An seinem ersten Amtstag hat Donald Trump angeordnet, dass es in den USA nur zwei Geschlechter geben soll: männlich und weiblich. Was unter den Trump-Fans für Jubel sorgt, löst bei Rach Pike (39) Ängste aus. Die non-binäre Person sieht die Rechte queerer Menschen in Gefahr: «Es beunruhigt mich, dass die neue Regierung und ihre Anhänger so lautstark über mich und meine Identität urteilen.»
Pike betreibt in Washington zusammen mit Ehefrau Jo McDaniel (43) das Lokal «As You Are», das als sicherer Ort für LGBTQ-Personen beworben wird. Pike war immer wieder Opfer von verbaler Gewalt: «Ich habe mittlerweile eine dicke Haut, aber ich will andere Menschen vor Anfeindungen schützen.»
Pike hält nicht viel von Labels, aber das neutrale Pronomen they/them und die Möglichkeit, in offiziellen Dokumenten ein X anzukreuzen, helfe, sich selbst treu zu sein. Schon bald muss Pike in offiziellen Dokumenten wohl wieder das f für «female» (weiblich) wählen.
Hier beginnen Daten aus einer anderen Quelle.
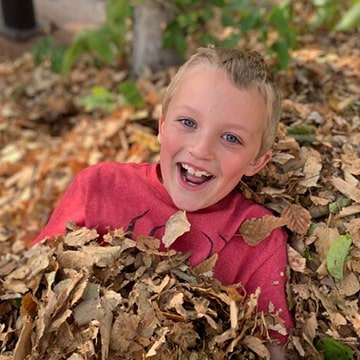 Happy boy playing in the leaves outside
«Mir tun diese Menschen leid»
Auch Lisa Marie Thalhammer (43), Künstlerin und LGBTQ-Aktivistin aus Washington, blickt besorgt auf die nächsten vier Jahre: «Unsere Community hat nie so viele Anfeindungen erlebt wie in Trumps erster Amtszeit.» Vor allem online wird Thalhammer immer wieder beleidigt. Tendenz steigend. Trost findet sie in ihrer Kunst. Ihr bekanntestes Werk ist «The LOVE Mural», ein Schriftzug in Regenbogenfarben.
Gegen die Trump-Supporter hegt die lesbische Künstlerin keinen Groll: «Mir tun diese Menschen leid. Über andere zu urteilen, hat meist mit eigenen Unsicherheiten zu tun.» Sie will deshalb Zuversicht verbreiten und in den nächsten Jahren in jedem Bundesstaat ein Wandbild in Regenbogenfarben malen. Diese stehen für Ausdauer, Gerechtigkeit und Liebe.